◆ **INFORMATION PROVIDED**:
------------------------------------------------------------
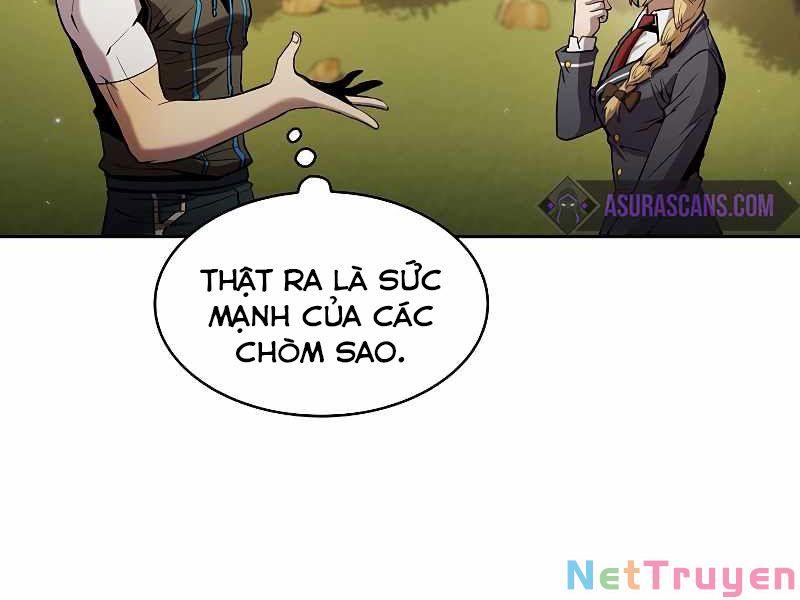 Người Chơi Trở Về Từ Địa Ngục Chapter 65 - Trang 153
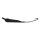 Original Opel Wischerarm hinten 90504980 Scheibenwischer Vectra B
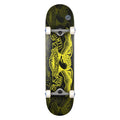 ANTI HERO SKATEBOARD REPEATER EAGLE COMPLETO 8.0"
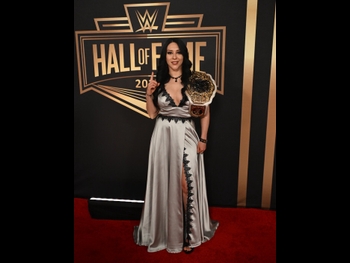  alt="Stephanie Vaquer"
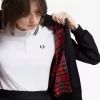 Vestes Harrington pour femmes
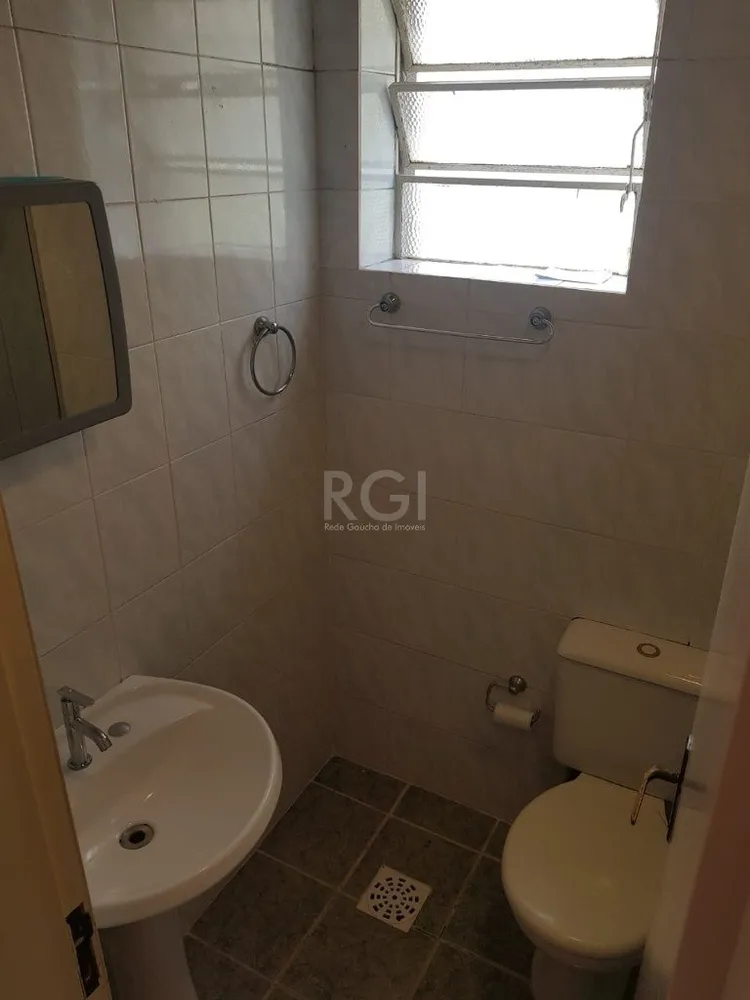 Apartamento, 2 quartos, 56 m² - Foto 4
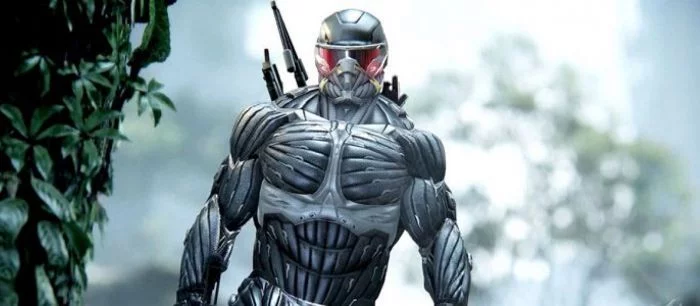 Бесплатные Tomb Raider: Definitive Edition, Crysis 3 ждут подписчиков Xbox Live Gold в сентябре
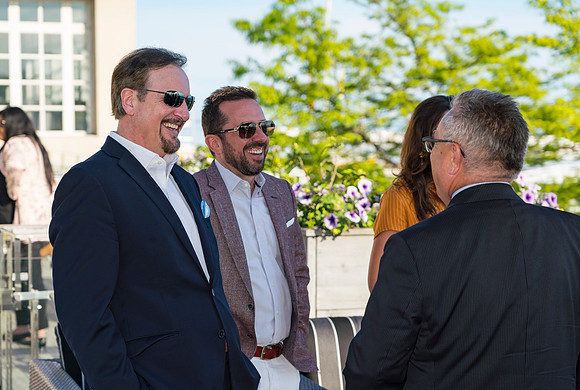 2019 Year End Presidents Dinner Blvd Club-8894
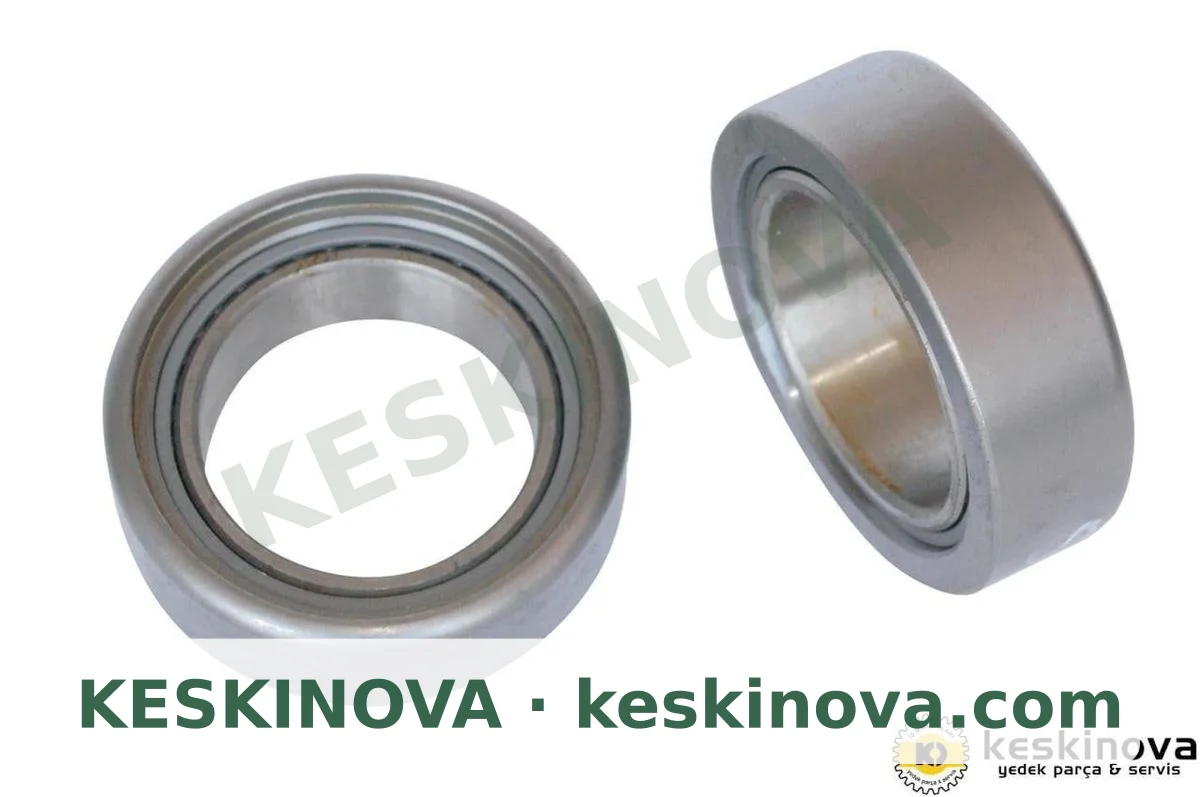 RECORD KFA03-029 OEM 3,0T 70X108,5X35,4 ASANSÖR RULMANI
------------------------------------------------------------
◆ **WORK REQUIRED**: Since the pictures are not wanted, transcribe only the rest of the material above, exactly as it stands.

◆ **TASK RESULT**:
 Người Chơi Trở Về Từ Địa Ngục Chapter 65 - Trang 153
 Original Opel Wischerarm hinten 90504980 Scheibenwischer Vectra B
 ANTI HERO SKATEBOARD REPEATER EAGLE COMPLETO 8.0"
  alt="Stephanie Vaquer"
 Vestes Harrington pour femmes
 Apartamento, 2 quartos, 56 m² - Foto 4
 Бесплатные Tomb Raider: Definitive Edition, Crysis 3 ждут подписчиков Xbox Live Gold в сентябре
 2019 Year End Presidents Dinner Blvd Club-8894
 RECORD KFA03-029 OEM 3,0T 70X108,5X35,4 ASANSÖR RULMANI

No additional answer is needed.